Commenting out that line, as shown below, fixed the problem:
# Autoprobe vendor-specific, communication and PTP devices
ENV{ID_MTP_DEVICE}!="1", ENV{MTP_NO_PROBE}!="1", ENV{COLOR_MEASUREMENT_DEVICE}!="1", ENV{libsane_matched}!="yes", ATTR{bDeviceClass}=="00|02|06|ef|ff", PROGRAM="/usr/lib/udev/mtp-probe /sys$env{DEVPATH} $attr{busnum} $attr{devnum}", RESULT=="1", SYMLINK+="libmtp-%k", ENV{ID_MTP_DEVICE}="1", ENV{ID_MEDIA_PLAYER}="1"

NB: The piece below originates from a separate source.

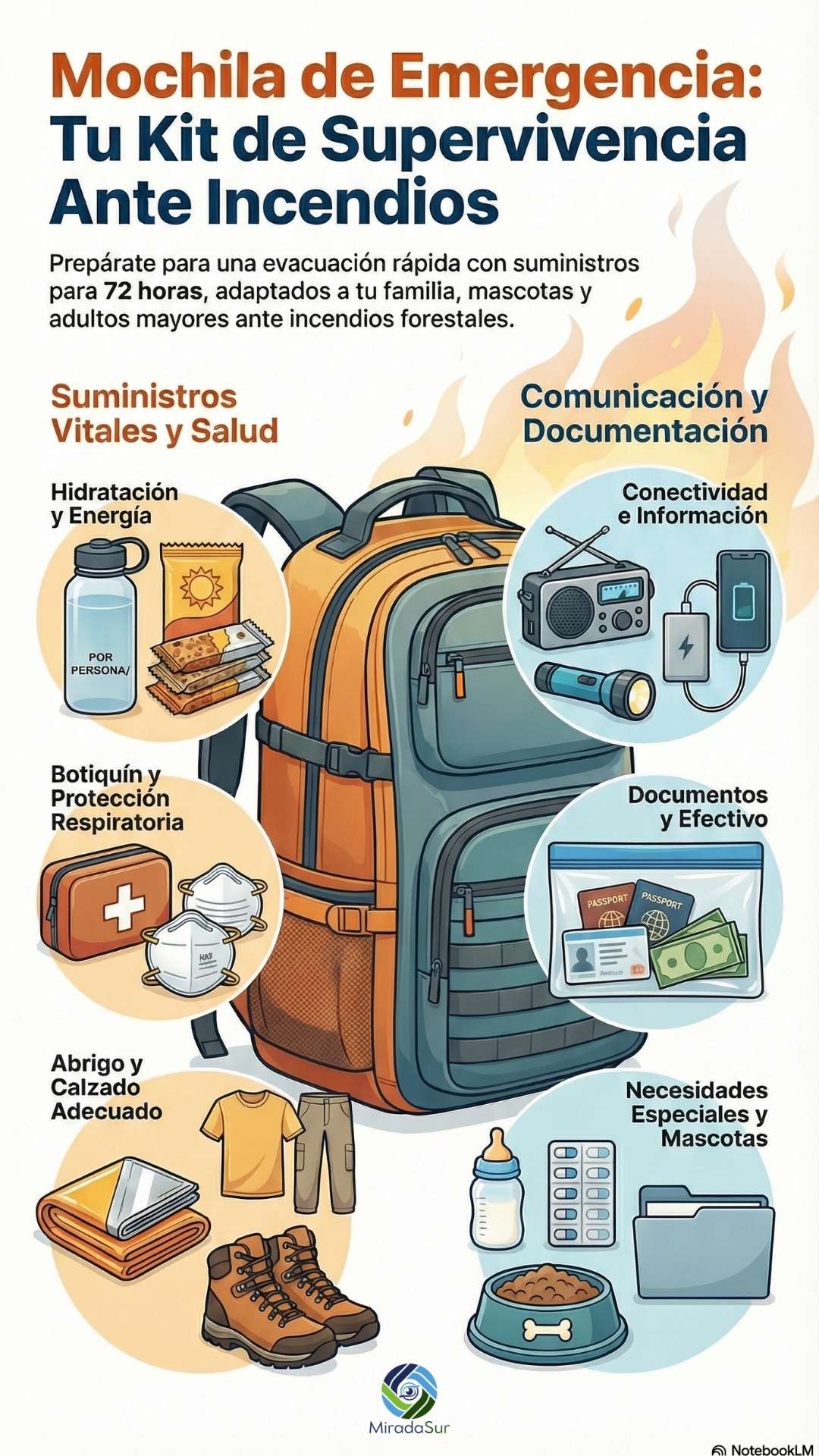 Lo que no puede faltar: los elementos clave de una mochila de emergencia ante incendios 1 infografias mochila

In my case, I had to reboot, but there’s probably a service that could be restarted instead.
Method 2
I used ENV{MTP_NO_PROBE}="1" to stop the MTP Probe.
That way I didn’t have modify the Arch’s /lib/udev/rules.d/69-libmtp.rules.
export MTP_NO_PROBE="1"
Method 3
Logging shows that there’s something going on with the MTP device detection.
Try uninstalling libmtp if you can get away with it, or just comment out the udev rule in the relevant file.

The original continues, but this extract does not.